Facebook vs NSO Group lawsuit: 1,400+ users were targeted with Pegasus spyware

Pierluigi Paganini April 25, 2020

The legal dispute between Facebook and NSO group continues even after the Israeli surveillance firm filed a motion to dismiss the case earlier this month.

Facebook advocates have challenged a plea from spyware maker NSO Group to dismiss the legal dispute over the hacking accusations, arguing it has immunity from prosecution.

Now both companies are providing technical details requested by the cyber-security experts. according to court documents shared by ZdNet, Facebook linked at least 720 attacks against WhatsApp users to one single IP address.

The surveillance implant used by the NSO group used an exploit for a vulnerability, tracked as CVE-2019-3568, in the WhatsApp VoIP feature.

The attacks took place in the spring of 2019, Facebook states that more than 1,400 users were targeted with the NSO Pegasus spyware, including, journalists, human rights activists, political dissidents, diplomats, attorneys, and government officials.

“I have reviewed the malicious code sent during the attack described in the Complaint.
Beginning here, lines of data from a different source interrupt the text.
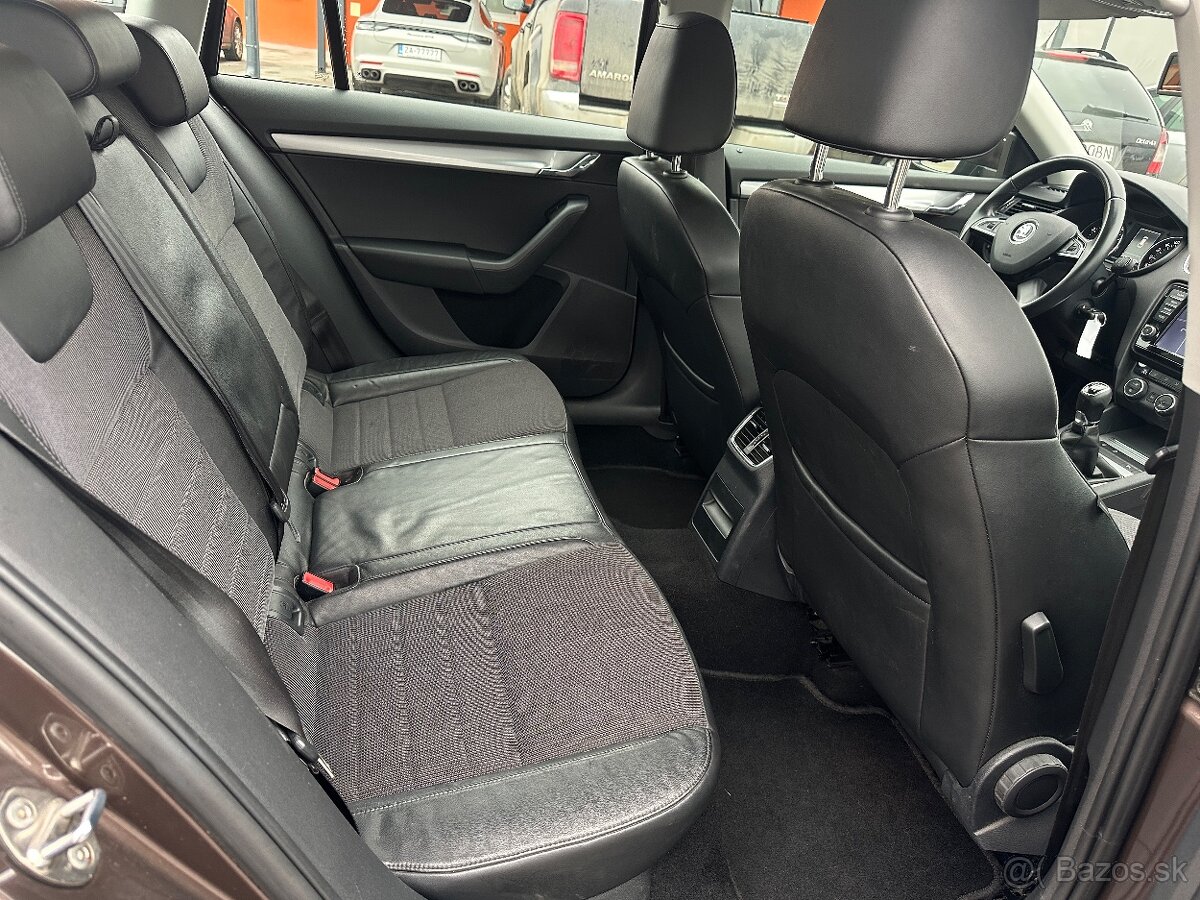 Škoda Octavia 1.8 Tsi 132kw superb RS VW Passat leon 2.0tdi - 14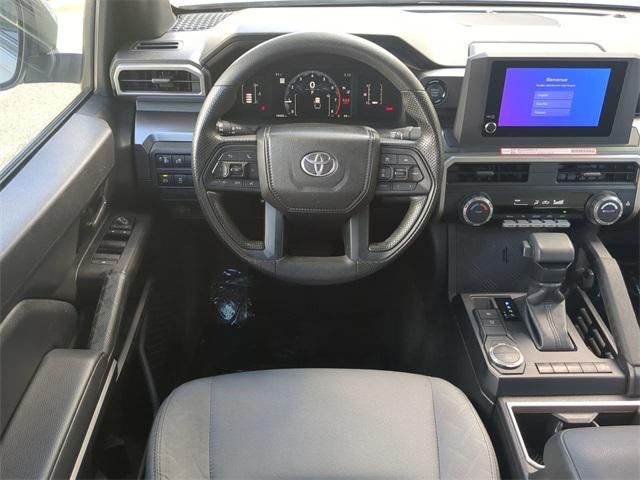 2024 Toyota TACOMA SR5 SR5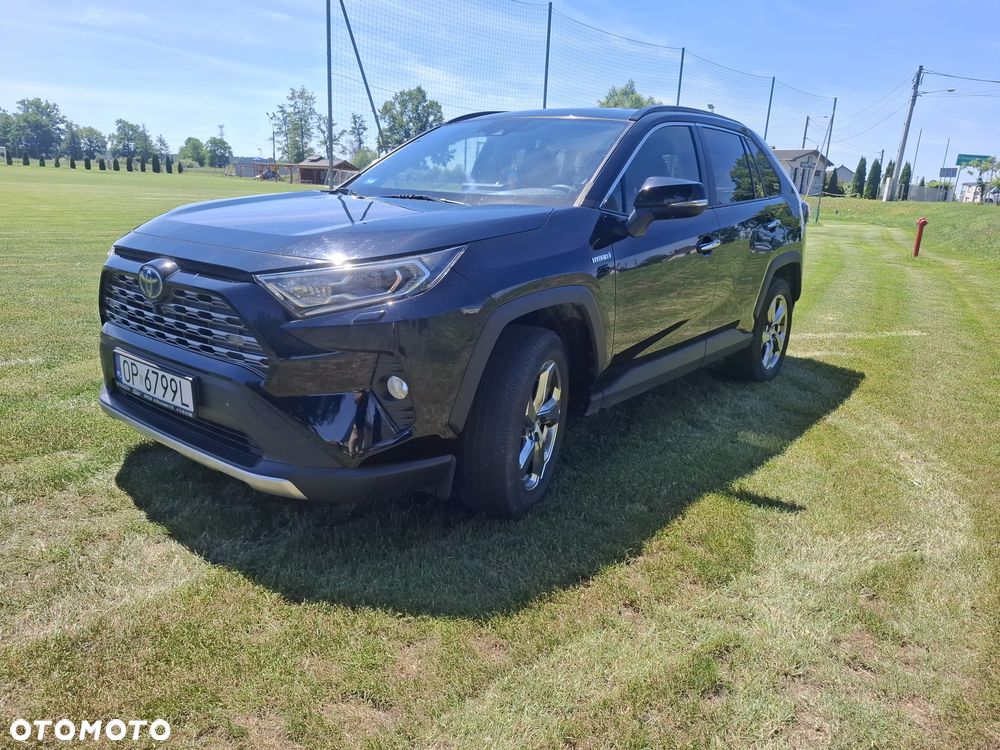 Toyota RAV4 Hybrid Prestige 4x2 - 1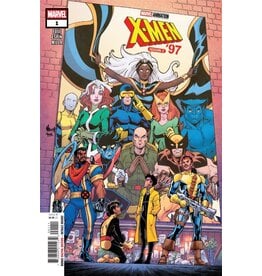 Marvel Comics X-Men '97: Season Two #1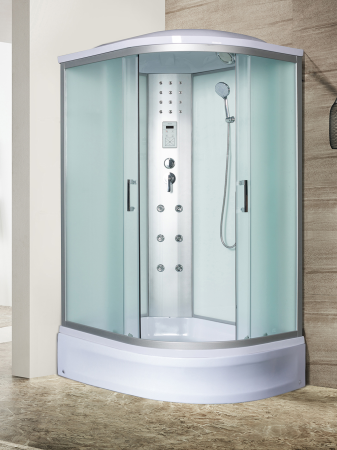 Душевая кабина River Dunay 120/90/24 MT L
That malicious code was designed to cause a WhatsApp user’s mobile device to connect to a remote server not associated with WhatsApp. The IP address of the remote server was included in the malicious code,” explained Claudiu Gheorghe, a software engineering for WhatsApp.

“In 720 instances of the attack, the remote server’s IP address was 104.223.76.220. In 3 instances of the attack, the remote server’s IP address was 54.93.81.200,”

In April, attorneys for the NSO Group filed a motion to dismiss the hacking case, among the observations raised by the advocates there was the lack of jurisdiction of a California court to preside over the case, but investigators pointed out that the IP address 104.223.76.220 belongs to QuadraNet Enterprises LLC, a data center provider in Los Angeles.

Facebook attorneys also remarked that the NSO group is also financed by a California private equity firm.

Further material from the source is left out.